If CEST is not used, then an assessment of whether the worker would be an employee if directly engaged must be made on the usual principles of taxation law (drawing on employment law rules). This can be a complex area and decisions are often very fact specific.
Implement a process to deal with disputes regarding a worker’s status
Status determinations can prompt challenges by disgruntled workers, particularly where a classification as ‘employed’ for tax purposes represents a change in the historic approach taken by an individual’s PSC (which will remain responsible for any failure to operate PAYE correctly prior to April 2020).
Individuals may be concerned that their revised classification will raise a red flag with HMRC about their previous compliance with IR35 and they may be unhappy with their status on a going-forward basis too.
The draft legislation does not specify how dispute arrangements are to work in practice, but there is a requirement to have a process in place and to respond within 45 days with the outcome of the process.
For organisations with large contractor populations, which expect to be carrying out many status assessments, careful thought should be given to how the dispute resolution process will operate.
Review existing contractual relationships with suppliers
Identify supplier contracts that are likely to be affected as soon as possible.
It will be necessary to understand the terms of existing contractual arrangements, including the number of parties in your contractor supply chains, in order to assess the likelihood of ending up as the fee-payer and so being 'on the hook' for taxes.
Amendments to master supply contracts may be necessary in order to assist with the identification of PSCs and other intermediaries.
Other consequences
Some organisations have decided to dispense with PSC arrangements altogether and to engage contractors as employees (with the associated benefits that employment status entails).
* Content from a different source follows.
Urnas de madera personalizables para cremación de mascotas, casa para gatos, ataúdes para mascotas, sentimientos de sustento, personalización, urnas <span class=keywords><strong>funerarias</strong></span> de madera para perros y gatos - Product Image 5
Others will simply assess workers as hypothetical 'employees' for tax purposes (such that payroll taxes are deducted) but otherwise maintain the status quo. For those workers, the potential financial hit of their new arrangement may cause them to demand increased fees or to look across to their employed comparators and demand equivalent employment rights (such as the right to be paid the minimum wage, holiday pay and sick pay, or the right to join a pension scheme).
Both of these structures will see an employer NICs charge arise, which will most likely be passed back to the end client.
Those who are re-engaged as employees when the new legislation takes effect may start to question why this didn’t happen sooner, and argue that they have missed out on employment benefits during their period of engagement to date – opening the door to claims for back pay. Even in the absence of a valid legal claim, there is potential for strained relationships and an unsettled workforce.
Opening a dialogue early with potentially affected staff could minimise the likelihood of disruption and/or staff engaging the dispute resolution process.